Priestley uses dramatic irony throughout the play for several reasons. For one, it allows the audience to become involved. As the play was written in the winter of 1945, but set thirty-three years earlier, in the spring of 1912, the audience are aware of events that the characters are not. So when, at the beginning of Act One, Birling makes his speech about the fact that “there isn’t a chance of war”, the audience know that World War I began just two years later, in 1914. In the same speech he says that the Titanic is “absolutely unsinkable”, when it sank on its maiden voyage and a thousand people died. He also says that in 1940 there will be “ peace and prosperity and rapid progress everywhere” when in 1940 England was in the centre of World War II, which lasted for six years.
The audience can see the irony in his words. This will create an air of dislike towards Birling as it reveals his arrogant, pompous, insular nature. Priestley uses dramatic irony to evoke certain feelings in the audience towards certain characters.
Another reason for Priestley’s use of dramatic irony is to enhance Inspector Goole’s appearance of being in total control of everything and everyone. An example of this is found at the end of Act Two. He provokes Mrs. Birling to the extent that she blames Eva’s suicide on the “father of the child. It’s his responsibility.”
What she hasn’t realised is that the father of Eva’s child is Eric, her own son. So when the Inspector says “No hushing up, eh…public confession of responsibility – um?”
She agrees with him and is subsequently condemning her own son. The audience, on the other hand, would have realised quite early on that Eric was the father, so would be aware of how Mrs. Birling was setting herself up. This illustrates quite clearly, the Inspectors large degree of authority over the characters in the play.
Priestley’s key reason for using dramatic irony throughout the play is so that he can easily develop and reveal his views and opinions of 20th century society.
It has been said that Priestley uses Inspector Goole as a “mouthpiece” for his own views on the social structures of early 20th century England.
I believe this to be true. J.B.Priestley was a socialist. They believe that everybody has a moral obligation to each other and that everyone has equal rights.
From the onset of the play, hints of Priestley’s social beliefs have crept into the Inspector’s speeches. A few examples of this are; when talking about the difference between respectable citizens and criminals he says, “Often, if it was left to me, I wouldn’t know where to draw the line”; also, when he’s talking about why Sheila would want to stay – “if there’s nothing else, we’ll have to share our guilt”
However, the most blatantly obvious display o Priestley’s own views occurs just before the Inspector leaves the play, in his final speech. It is a speech which is now hailed a the most famous and remembered from “An Inspector Calls.” Priestley’s socialist views are visible when the Inspector says -
“We don’t live alone. We are members of one body. We are responsible for each other.” This is a typical socialist viewpoint. Priestley uses a reference to World War I to further prove his point for socialism – “ the time will come…. We will be taught it in fire and blood and anguish.”

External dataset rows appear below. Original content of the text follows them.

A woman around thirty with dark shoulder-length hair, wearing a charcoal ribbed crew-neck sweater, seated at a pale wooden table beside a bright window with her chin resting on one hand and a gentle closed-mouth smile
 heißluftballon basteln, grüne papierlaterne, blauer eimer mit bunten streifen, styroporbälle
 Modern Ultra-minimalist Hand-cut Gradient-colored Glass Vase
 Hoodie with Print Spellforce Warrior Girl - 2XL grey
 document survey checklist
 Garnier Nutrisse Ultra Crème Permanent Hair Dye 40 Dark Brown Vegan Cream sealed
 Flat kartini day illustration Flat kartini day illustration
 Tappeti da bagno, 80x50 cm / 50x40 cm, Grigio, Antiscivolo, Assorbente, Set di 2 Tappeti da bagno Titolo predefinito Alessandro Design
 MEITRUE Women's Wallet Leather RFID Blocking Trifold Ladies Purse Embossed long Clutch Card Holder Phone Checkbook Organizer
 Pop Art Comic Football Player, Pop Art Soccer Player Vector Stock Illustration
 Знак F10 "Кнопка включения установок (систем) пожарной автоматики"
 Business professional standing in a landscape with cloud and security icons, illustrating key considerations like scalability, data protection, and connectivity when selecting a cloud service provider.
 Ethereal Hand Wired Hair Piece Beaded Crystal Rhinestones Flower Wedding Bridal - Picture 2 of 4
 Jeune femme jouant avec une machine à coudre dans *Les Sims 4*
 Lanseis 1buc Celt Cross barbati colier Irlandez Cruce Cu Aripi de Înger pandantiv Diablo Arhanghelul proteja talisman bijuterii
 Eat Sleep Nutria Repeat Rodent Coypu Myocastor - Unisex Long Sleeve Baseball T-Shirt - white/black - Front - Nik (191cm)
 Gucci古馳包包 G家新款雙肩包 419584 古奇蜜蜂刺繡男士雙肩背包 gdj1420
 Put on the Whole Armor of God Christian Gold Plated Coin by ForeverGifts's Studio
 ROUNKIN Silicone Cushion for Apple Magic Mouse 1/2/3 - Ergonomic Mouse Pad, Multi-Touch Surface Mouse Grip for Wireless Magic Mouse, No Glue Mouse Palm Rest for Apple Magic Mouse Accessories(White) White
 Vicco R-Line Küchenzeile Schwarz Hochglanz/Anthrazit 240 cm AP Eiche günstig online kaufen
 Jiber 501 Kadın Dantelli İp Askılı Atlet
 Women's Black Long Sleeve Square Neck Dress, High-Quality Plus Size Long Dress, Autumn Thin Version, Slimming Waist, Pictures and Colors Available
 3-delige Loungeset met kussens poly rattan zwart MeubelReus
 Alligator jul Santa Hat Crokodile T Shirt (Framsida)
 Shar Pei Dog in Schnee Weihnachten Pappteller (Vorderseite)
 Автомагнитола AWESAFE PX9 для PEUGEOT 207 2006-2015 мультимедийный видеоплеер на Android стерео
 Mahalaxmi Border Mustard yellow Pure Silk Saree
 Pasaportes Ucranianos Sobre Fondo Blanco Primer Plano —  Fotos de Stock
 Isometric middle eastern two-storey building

This final speech made by Inspector Goole, enforces my belief that the Inspector is J.B.Priestley’s “mouthpiece” for his social views and beliefs.
In agreement with the theatre critic, I think that “Priestley’s play is unusual in that a character, the Inspector, could be said to direct the action of the play.” This is a valid comment. Priestley has created a dramatically successful, controlling character and makes use of dramatic irony to enable the Inspector to voice his own personal views effectively. He has done this by creating a character that puzzles the audience with his behaviour, controls the other characters with his manner and displays socialist values in his speeches. The theatre critic’s comment is very true of the character of Inspector Goole.